At a stop light, though, she let her right hand reach over the cracked tan vinyl on the passenger seat side to the bit of brown upholstery labeled “ergonomic” in grey cursive script that used to be white. It had ass-cheek indentations from god-knows-how-many sitters who had sat there and smoked, chatted, planted their elbow on the window sill and watched the whole wide world go by. It would be cool to meet some of them, one day. Do a sort of family-tree of piece-of-shit car owners. Maybe find out of any of them were like her, or would like her. She could call it the POS Project, or something, and make it into a book or a film; a dissertation. Her phone was nestled in a dent. She slid her thumb and touched the message as the traffic light shifted green. Squinting, letting the aftermarket fuel injection roll her forward, she read.

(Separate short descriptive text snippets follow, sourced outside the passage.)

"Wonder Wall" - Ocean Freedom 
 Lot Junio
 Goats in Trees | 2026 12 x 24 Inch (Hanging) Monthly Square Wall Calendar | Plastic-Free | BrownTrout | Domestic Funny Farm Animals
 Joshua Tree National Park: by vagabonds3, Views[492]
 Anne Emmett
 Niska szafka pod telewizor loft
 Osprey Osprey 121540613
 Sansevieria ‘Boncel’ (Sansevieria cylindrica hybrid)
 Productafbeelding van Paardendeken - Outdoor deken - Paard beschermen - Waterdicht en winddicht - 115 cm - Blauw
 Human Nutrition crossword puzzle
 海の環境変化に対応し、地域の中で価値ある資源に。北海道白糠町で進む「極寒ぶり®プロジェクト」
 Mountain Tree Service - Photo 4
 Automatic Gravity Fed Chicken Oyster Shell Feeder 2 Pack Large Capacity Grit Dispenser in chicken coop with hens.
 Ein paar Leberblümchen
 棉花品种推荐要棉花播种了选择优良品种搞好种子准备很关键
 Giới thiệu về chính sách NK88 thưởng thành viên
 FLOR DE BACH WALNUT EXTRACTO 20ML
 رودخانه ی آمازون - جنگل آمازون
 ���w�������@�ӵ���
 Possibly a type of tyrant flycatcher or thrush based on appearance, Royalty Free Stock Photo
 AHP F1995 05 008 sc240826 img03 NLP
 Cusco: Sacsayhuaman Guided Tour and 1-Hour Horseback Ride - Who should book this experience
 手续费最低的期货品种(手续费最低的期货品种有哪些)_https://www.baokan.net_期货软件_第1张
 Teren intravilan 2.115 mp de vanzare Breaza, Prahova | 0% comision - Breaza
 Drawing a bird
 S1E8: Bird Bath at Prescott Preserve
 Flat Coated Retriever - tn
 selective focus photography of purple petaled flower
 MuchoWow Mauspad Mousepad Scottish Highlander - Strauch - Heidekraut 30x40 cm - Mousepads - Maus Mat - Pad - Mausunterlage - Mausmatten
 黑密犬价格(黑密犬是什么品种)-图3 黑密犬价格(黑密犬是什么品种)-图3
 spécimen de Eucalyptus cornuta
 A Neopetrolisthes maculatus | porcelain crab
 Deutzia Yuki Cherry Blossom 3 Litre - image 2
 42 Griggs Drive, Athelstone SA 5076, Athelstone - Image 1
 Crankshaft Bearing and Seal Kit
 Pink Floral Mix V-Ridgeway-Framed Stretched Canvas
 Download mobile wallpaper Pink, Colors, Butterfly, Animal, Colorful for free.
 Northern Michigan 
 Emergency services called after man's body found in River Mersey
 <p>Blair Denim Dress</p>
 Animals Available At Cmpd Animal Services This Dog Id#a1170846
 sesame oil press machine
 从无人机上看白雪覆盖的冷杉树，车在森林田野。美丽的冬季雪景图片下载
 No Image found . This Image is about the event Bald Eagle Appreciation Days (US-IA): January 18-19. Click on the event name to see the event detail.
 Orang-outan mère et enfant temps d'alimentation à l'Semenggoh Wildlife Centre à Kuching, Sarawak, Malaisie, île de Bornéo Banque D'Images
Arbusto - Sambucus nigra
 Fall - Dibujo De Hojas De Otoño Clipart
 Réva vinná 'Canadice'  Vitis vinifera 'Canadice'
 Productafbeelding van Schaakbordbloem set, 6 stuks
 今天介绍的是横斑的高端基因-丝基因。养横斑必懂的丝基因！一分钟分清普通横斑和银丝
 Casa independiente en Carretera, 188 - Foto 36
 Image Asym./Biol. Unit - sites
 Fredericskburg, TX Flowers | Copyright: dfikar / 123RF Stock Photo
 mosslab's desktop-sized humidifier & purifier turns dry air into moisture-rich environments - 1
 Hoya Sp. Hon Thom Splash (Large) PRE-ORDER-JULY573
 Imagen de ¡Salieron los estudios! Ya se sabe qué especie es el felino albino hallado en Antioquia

“Really,” she said out loud. Too loud. The engine revs roared in her head. Someone leaned on a horn. Someone was shouting. So a few people would have a story to tell, about a dumb chick who forgot she was driving her car at stoplight and then woke up and gunned it past a freakin’ certain head-on collision. She liked to give people stories. Call it a fucking gift, right?
The car took her through the intersection, past main street, to a truck stop near the highway. She’d been here before, but they wouldn’t remember her. It was a mom and pop place with a couple of rooms, pay showers, a little cafe, and a post office. Sherry’s Rest, it was called, with the Stop gone black with the night. She could probably take care of all of it from here, the watcher thought. She hoped so. She couldn’t pretend it was harmless anymore, and Jesus God, was she ready to go home.